É mais do que isso. Reconhece ser preciso fazer além do papel de treinador. Costa se preocupa com a alimentação do elenco, com os cuidados com o transporte para os jogos. Não há psicólogo, então, quando percebe algo errado com o atleta, é ele quem tem de ir conversar para entender o que acontece.

São características impensáveis em divisões superiores. Isso apesar de o União Suzano ter comissão técnica completa. Em outros clubes que Ricardo Costa passou, foi bem pior.

Nas horas vagas, ele estuda o mercado. No próximo ano, em qualquer time em que esteja, talvez na chamada "Bezinha", vai precisar de novos jogadores. Nenhuma equipe que disputa o campeonato contrata treinador com o elenco já formado.

Ser especialista na última divisão de São Paulo é uma trajetória inusitada do técnico que não foi atleta profissional e, ao contrário do que é o padrão da profissão hoje em dia, nunca fez estágio com colegas mais famosos. Ele jamais teve tempo.

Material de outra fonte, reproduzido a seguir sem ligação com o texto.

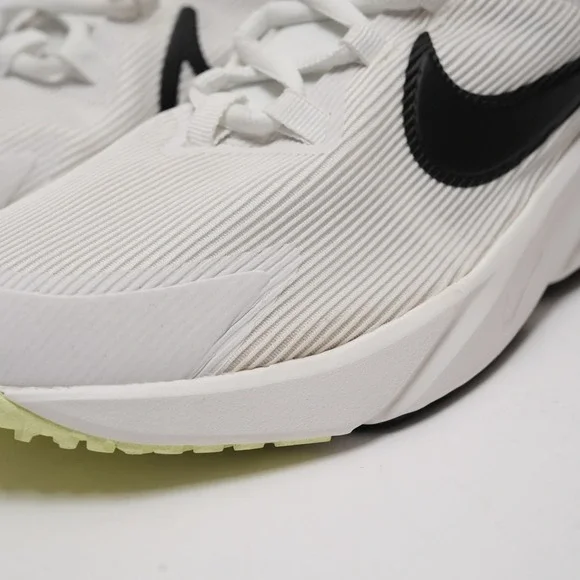 Nike  Running Shoes Boys Size 7 Youth EUR 40 Star Runner 4 White DX7615-102 - Picture 3 of 13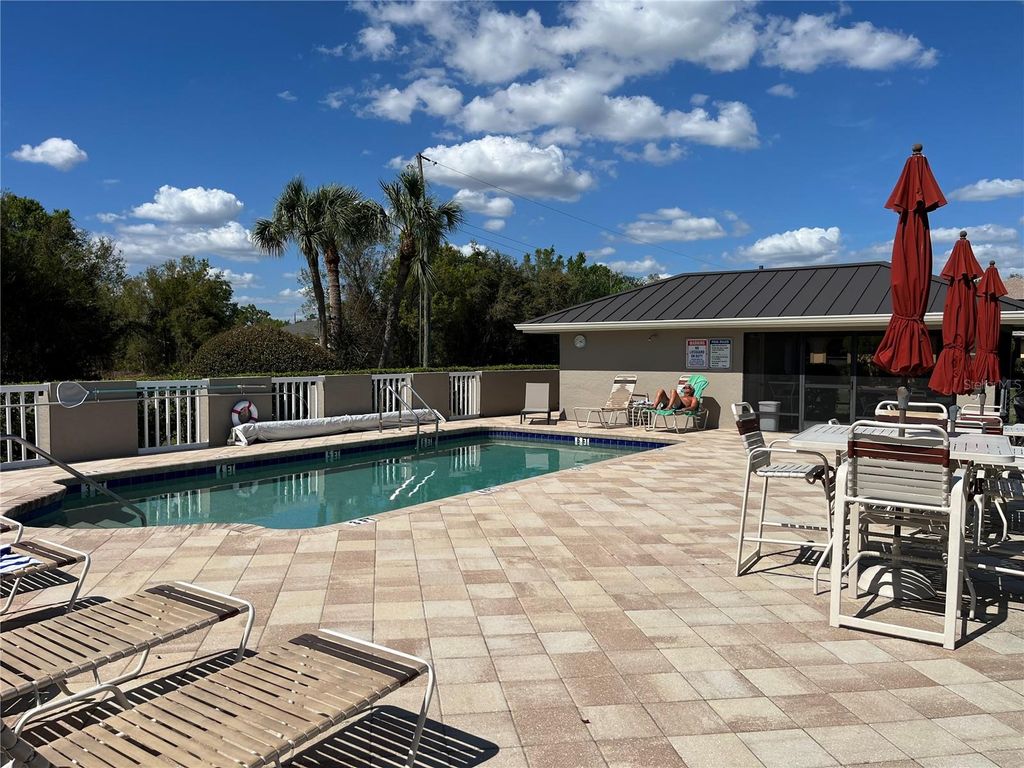 Image 6 of property listing at 1335 SAXONY CIRCLE 314, Punta Gorda, FL 33983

A partir do momento em que se formou na PUC-Campinas, começou a trabalhar com futebol de maneira incessante.

Primeiro como preparador físico. Passou a ser técnico de categorias de base em em 2007 e, dois anos depois, no profissional. Nem sempre deu certo, claro. Ele já foi a clubes em que a estrutura não foi a prometida.

Ou onde empresários tentaram forçar a escalação de determinados atletas. E se trata da divisão na qual um time só tem dinheiro por causa de agentes. Ou investidores, como os dirigentes definem.

Foi neste campeonato que Costa se encontrou. Se é uma base para jogadores jovens se projetarem para voos maiores, por que seria diferente para ele?

"A gente tenta ver qual a diferença [em treinos e posicionamentos táticos] para os times que estão em divisões acima e não vê tanta assim. É a mesma coisa. Futebol é o mesmo. Todo mundo tem estudado."

As promoções são seu cartão de visitas. Por isso o apelido de "rei do acesso" não o incomoda. Durante alguns anos, quando começava na carreira, foi rejeitado por clubes que o consideraram jovem demais para o cargo. Algumas dessas equipes, ele afirma, depois o procuraram para contratá-lo.

Ricardo Costa é cauteloso com as palavras. Não gosta de citar equipes nas quais teve problemas. A mesma palavra que usa para seus times, o define: equilíbrio. Seu jeito lembra, de certa forma, o de Tite. Até na maneira de falar.

Que ninguém se surpreenda então ao saber que sua referência na profissão é o técnico da seleção brasileira.

"Ele é uma inspiração. Consegue tirar o máximo dos atletas e, para mim, é o cara que vai conquistar a próxima Copa do Mundo. Você vê o time do Tite, as entrevistas, ele dá ensinamentos. Os jogos dele você não tem como assistir apenas como torcedor. Precisa aprender o máximo", elogia.

Ao assistir aos jogos da seleção, ele não se preocupa em anotar nomes de jogadores para engordar o seu banco de dados. Pelo menos por enquanto.

"Vejo espaço para chegar à primeira divisão do país e para trabalhar no exterior. Mas tem tempo. Primeiro, vamos atrás de mais um acesso na Bezinha."